Download: source or winSVM.exe - last updated 15 July 2005
Download example files: train.txt validation.txt test.txt
The software can perform both pattern recognition and regression, the following example uses regression. (A winSVM tutorial which uses classification written by Marc Block is available here.)
This is an exercise in supervised learning, we are given the following input/output data. Given future inputs, we wish to predict (unknown) outputs.
input 1 | input 2 | output |
7 | 0 | 7 |
9 | 1 | 10 |
4 | 6 | 10 |
3 | 8 | 11 |
9 | 4 | 13 |
3 | 8 | 11 |
5 | 4 | 9 |
6 | 0 | 6 |
3 | 8 | 11 |
4 | 5 | 9 |
0 | 1 | 1 |
3 | 8 | 11 |
9 | 0 | 9 |
3 | 0 | 3 |
2 | 9 | 11 |
1 | 4 | 5 |
7 | 9 | 16 |
0 | 9 | 9 |
1 | 8 | 9 |
2 | 3 | 5 |
Split the data into three sets (in the ratio 50%, 25%, 25%).
Save the training set as train.txt in the following format:
@parameters
#training set
@examples
format xy
7 0 7
9 1 10
4 6 10
3 8 11
9 4 13
3 8 11
5 4 9
6 0 6
3 8 11
4 5 9
Click on "Input file..." and select 'train.txt'.
Enter '100' for the number of runs.
Click on "Optimize".
Inspect input-opt.csv, and note which parameters produce a low mean squared error (MSE).
With the given example, epsilon with a low value and a kernel of type dot appear to be optimal.

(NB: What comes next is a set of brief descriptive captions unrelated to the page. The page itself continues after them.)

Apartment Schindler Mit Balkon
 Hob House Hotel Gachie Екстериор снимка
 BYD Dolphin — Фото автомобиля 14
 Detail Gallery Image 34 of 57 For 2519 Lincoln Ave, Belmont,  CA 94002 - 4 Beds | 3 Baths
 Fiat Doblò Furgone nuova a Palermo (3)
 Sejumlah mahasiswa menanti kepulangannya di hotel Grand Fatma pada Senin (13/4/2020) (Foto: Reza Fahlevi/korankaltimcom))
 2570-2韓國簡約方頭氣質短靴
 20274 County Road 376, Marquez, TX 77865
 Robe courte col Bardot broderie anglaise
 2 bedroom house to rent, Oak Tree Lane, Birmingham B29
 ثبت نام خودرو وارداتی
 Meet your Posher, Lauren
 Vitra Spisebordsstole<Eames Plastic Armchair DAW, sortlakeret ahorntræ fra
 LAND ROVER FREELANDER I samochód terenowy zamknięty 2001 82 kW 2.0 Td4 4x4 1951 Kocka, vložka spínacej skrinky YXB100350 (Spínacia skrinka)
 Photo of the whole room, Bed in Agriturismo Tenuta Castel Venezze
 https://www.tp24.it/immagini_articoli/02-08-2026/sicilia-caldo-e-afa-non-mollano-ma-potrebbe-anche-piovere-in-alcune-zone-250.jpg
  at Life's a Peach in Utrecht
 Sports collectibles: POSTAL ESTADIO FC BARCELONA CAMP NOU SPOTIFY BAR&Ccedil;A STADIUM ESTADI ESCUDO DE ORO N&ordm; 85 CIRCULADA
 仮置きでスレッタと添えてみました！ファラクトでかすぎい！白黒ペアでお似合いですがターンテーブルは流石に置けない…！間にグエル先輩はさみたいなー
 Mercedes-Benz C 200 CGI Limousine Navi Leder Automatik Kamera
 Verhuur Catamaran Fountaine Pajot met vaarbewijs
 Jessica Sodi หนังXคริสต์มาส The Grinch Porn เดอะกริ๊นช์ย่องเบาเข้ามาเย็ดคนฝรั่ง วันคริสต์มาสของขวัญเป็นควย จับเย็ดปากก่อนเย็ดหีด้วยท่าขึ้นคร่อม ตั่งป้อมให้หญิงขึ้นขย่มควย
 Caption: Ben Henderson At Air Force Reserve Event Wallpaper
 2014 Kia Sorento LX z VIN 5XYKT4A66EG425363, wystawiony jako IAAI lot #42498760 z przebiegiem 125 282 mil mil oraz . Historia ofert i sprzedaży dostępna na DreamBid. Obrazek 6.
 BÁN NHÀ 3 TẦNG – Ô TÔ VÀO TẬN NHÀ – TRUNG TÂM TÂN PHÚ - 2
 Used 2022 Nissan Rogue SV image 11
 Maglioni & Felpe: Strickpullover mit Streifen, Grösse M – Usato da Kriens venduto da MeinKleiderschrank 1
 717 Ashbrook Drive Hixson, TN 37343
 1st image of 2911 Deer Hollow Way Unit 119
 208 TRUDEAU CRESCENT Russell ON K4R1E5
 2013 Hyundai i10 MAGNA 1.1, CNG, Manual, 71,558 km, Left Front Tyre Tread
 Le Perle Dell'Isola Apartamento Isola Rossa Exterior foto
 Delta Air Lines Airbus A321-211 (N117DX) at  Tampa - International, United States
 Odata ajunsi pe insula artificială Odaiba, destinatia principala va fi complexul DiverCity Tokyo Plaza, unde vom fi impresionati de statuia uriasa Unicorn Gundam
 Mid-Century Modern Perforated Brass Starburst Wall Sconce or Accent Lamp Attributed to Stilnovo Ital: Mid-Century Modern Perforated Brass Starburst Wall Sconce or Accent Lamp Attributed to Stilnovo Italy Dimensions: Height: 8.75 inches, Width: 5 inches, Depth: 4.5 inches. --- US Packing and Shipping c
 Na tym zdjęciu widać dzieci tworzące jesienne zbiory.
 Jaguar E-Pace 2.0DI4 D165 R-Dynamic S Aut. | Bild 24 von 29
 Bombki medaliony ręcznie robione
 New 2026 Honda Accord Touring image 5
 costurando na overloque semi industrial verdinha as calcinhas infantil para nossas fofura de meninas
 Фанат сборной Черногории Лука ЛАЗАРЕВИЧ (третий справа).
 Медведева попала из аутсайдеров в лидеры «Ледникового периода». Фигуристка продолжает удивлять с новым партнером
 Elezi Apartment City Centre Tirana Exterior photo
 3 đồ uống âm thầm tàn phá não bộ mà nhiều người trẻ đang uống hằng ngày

So for this particular data set, enter any value for C (say, 1), a low value for epsilon (say, 0.01) and select the dot kernel on the user interface.
Click 'Learn'.
Open 'train-svm.txt'
It contains the training set with alpha-values. Copy and paste this, plus the validation set into a new file and save it as 'validation.txt':
@parameters
# training set
@examples
dimension 2
number 10
b -0.00224081523342617
format xya
7 7.676151381197371e-017 7 -0.1797849206983427
9 1 10 0.06802209641651072
4 6 10 0
3 8 11 0
9 4 13 1
3 8 11 0.0916387839347123
5 4 9 0
6 7.676151381197371e-017 6 -1
3 8 11 0.02012404034711963
4 5 9 0
# validation set
@examples
format xy
0 1 1
3 8 11
9 0 9
3 0 3
2 9 11
Click on "Input file..." and select 'validation.txt'.
Click on "Predict".
Inspect 'validation-pred.txt'.
Continue to adjust kernel parameters, 'Predict', inspect 'validation-pred.txt' until the results are closest to the actual validation set outputs. In this instance, we stick with a dot kernel.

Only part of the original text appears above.